The thing about normal Perlin noise is that it has hills and valleys, but there is not a big difference between the two. A piece of terrain of one altitude is similar to that of another. All parts of the terrain grab the viewer's attention equally. Thus, simple Perlin is a short-hand for generic terrain, but that's all it is. Generic terrain.


Classics



A classic approach is to put extra emphasis on the coastlines. This is done here by making the ocean completely flat. Alternatively, as seen on the example of the top of the blog, one can keep the ocean height-map, but still seperate the colours enough that what one really notices is the contour. The classic approach puts emphasis on the coast-line, but we can still recognise the very same shapes of Perlin noise as before.


Channel and Islands

The reason the coastlines are so interesting is that the mid-point of the Perlin noise spectrum perhaps is the most interesting part. The midpoint, whether it is zero, or as in these examples, ½, is the most frequently occuring value. Additionally, all areas that are above this value must have a rim, or channel, of the mid-value between them and areas with values below.

That's just a very complicated way to say that coastlines seperate land and ocean.

But still, we can use this:


The channel map emphasises the coastlines, by having the biggest inclines near the midpoint of the Perlin noise map. However, in this simple, unaltered form, it leads to some unappealing terrain. All landmasses are round, and the channels themselves go way too deep.


The Island map is a bit of a compromise between the channel map and a linear function. It is exemplified by frequent islands with short channels between them.



Lunar and Canyon

Alternatively, we can play around with sin(x).


Using a factor of π/2, we can create more gentle terrain. The function should probably be lowered, because right now, most of the Perlin map is above ocean-level. If we were to look at those rare spots below water, we would see that it is the opposite - quite chaotic, and not gentle at all, because the function is the steepest at low values.

Here, the colouring scheme is a bit off, because what this reminds me of most of all is the ruined terrain of dry planets - craters, abysses, so-forth, hidden beneath the soft lunar sand.
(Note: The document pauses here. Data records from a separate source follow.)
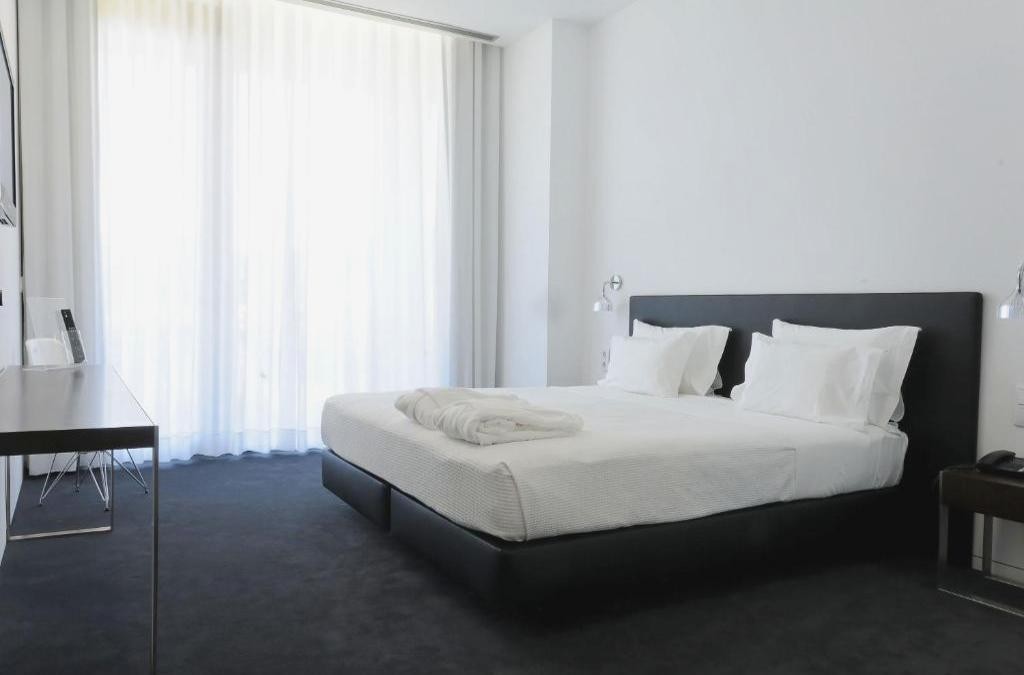 Guimarães, détente et spa inclus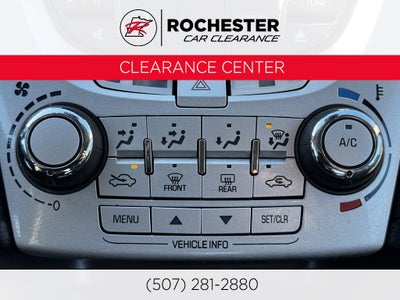 2015 Chevrolet Equinox LT 1LT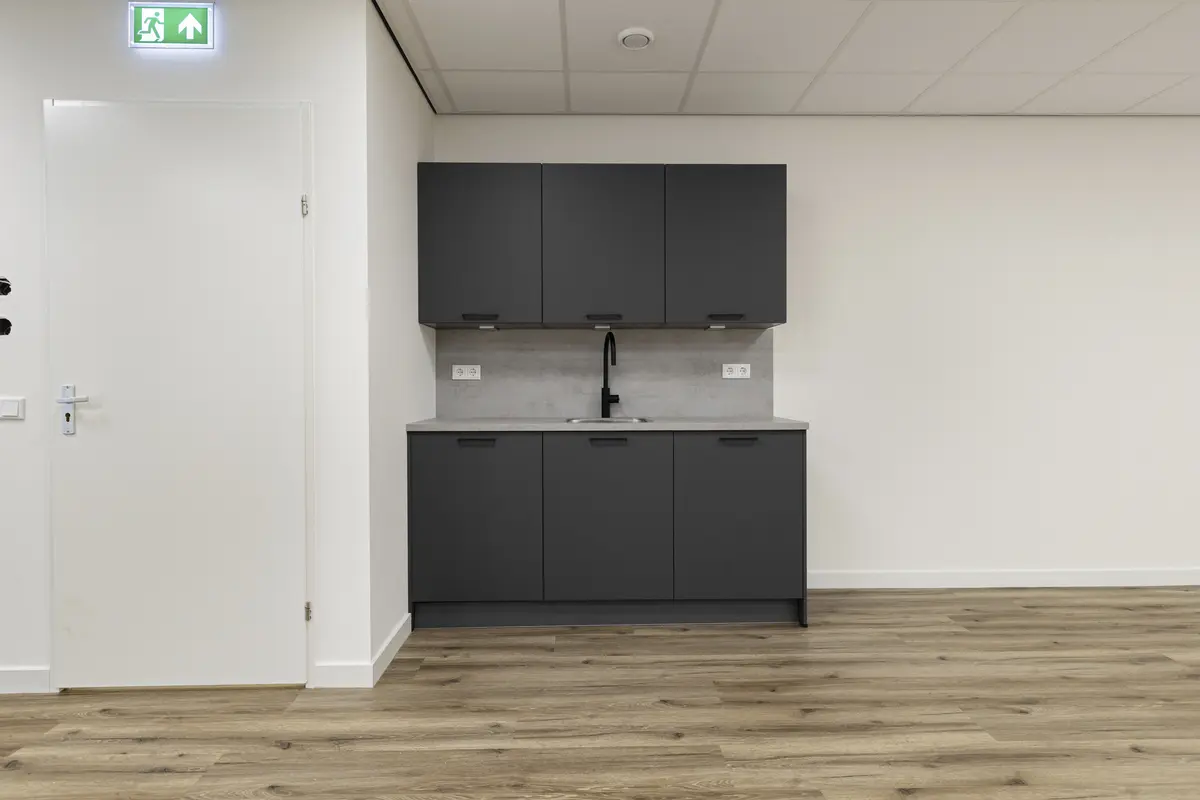Kamerlingh Onnesweg 2A 4, DORDRECHT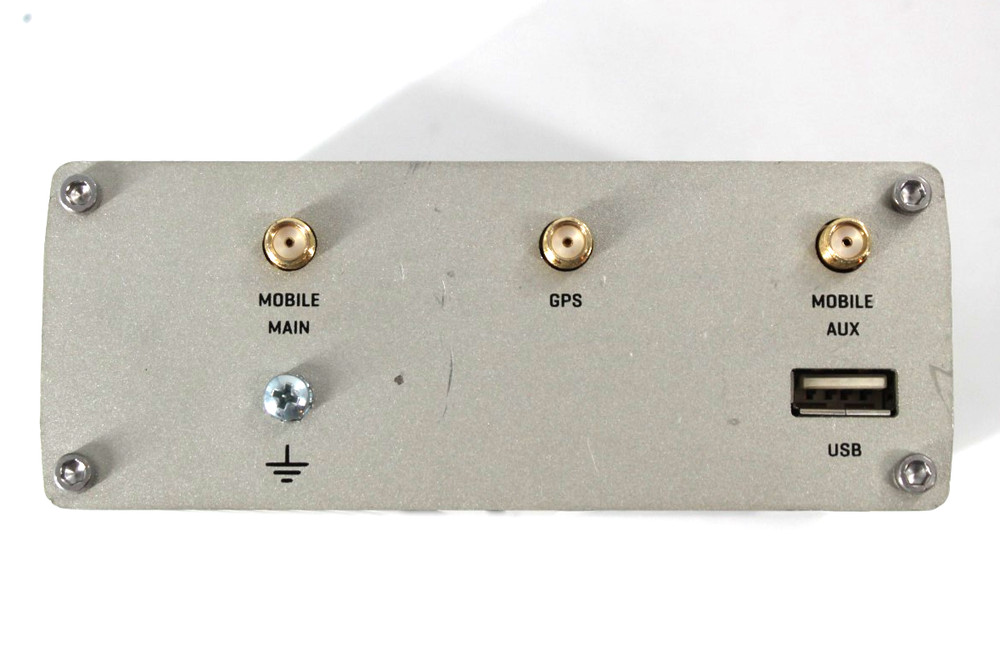 TOSIBOX TBL670 Lock 670 Remote Access Device - Authentic - Unit Only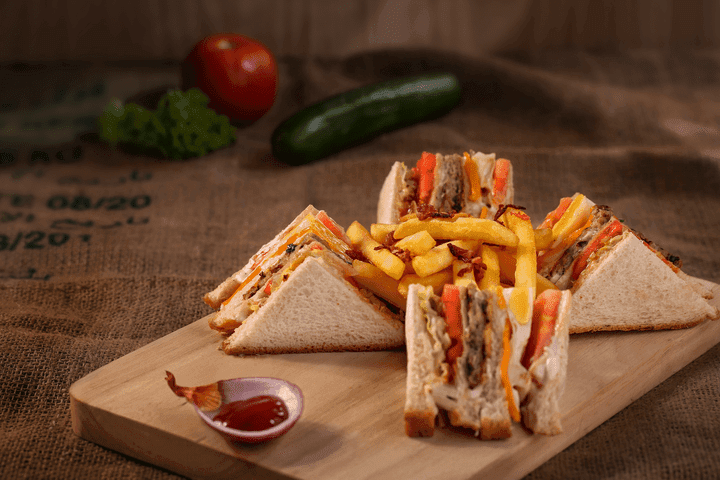 Club Sandwich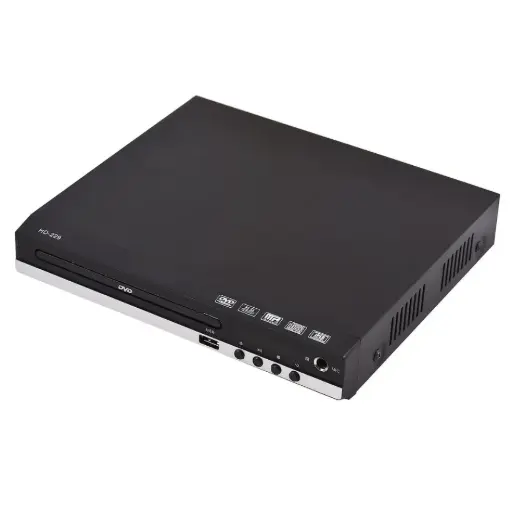 [20490502775] DVD Player HD-229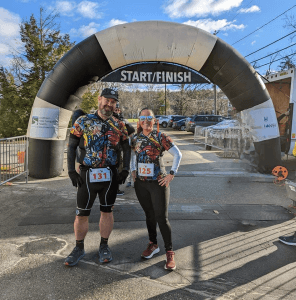 Together We Fight 5K/10K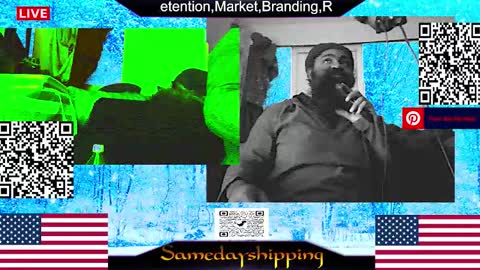 OmniNegate online show from 02-03-26, 08:08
Or that's my assocation, anyway.



Taking this to the maximum, we can instead use a factor of a full π, meaning that we will go through the whole realm of 0, 1, and 0 again. To make it more interested, I am taking the square of the value - since the value is between 0 and 1, the square will make the lower values even lower, and hardly change the high values.

This picture might not be the best example, but sometimes this creates terrains like the grand canyon - a great crevasse with spears of remaning rock jutting out here and there.


Steep

The logistic function is really interesting.


It, too, exemplifies the values close to the mid-point of the frequency function, creating steep inclines between land and water. However, with its amazing logistic properties, it never quite flattens out.

I should mention, the function written up at the graph in the top right corner is a lie. The true function is first:

x = (x-.5)*8
and then:
x = 1/(1+exp(-x))

The 8 can be changed to make it more or less steep, and no matter what, it will always stay between 0 and 1. That is magical, I'd say.


Himalayas

Finally, cheating a bit, I am going to introduce an extra, higher-frequency, source of Perlin noise into this last one:


Here, the landmasses are marred with mountains, while the water has (mostly) the same gentle curves as normal. This is of course done to simulate what I wrote about in Country Terrains - Greece, though in a much more simple version.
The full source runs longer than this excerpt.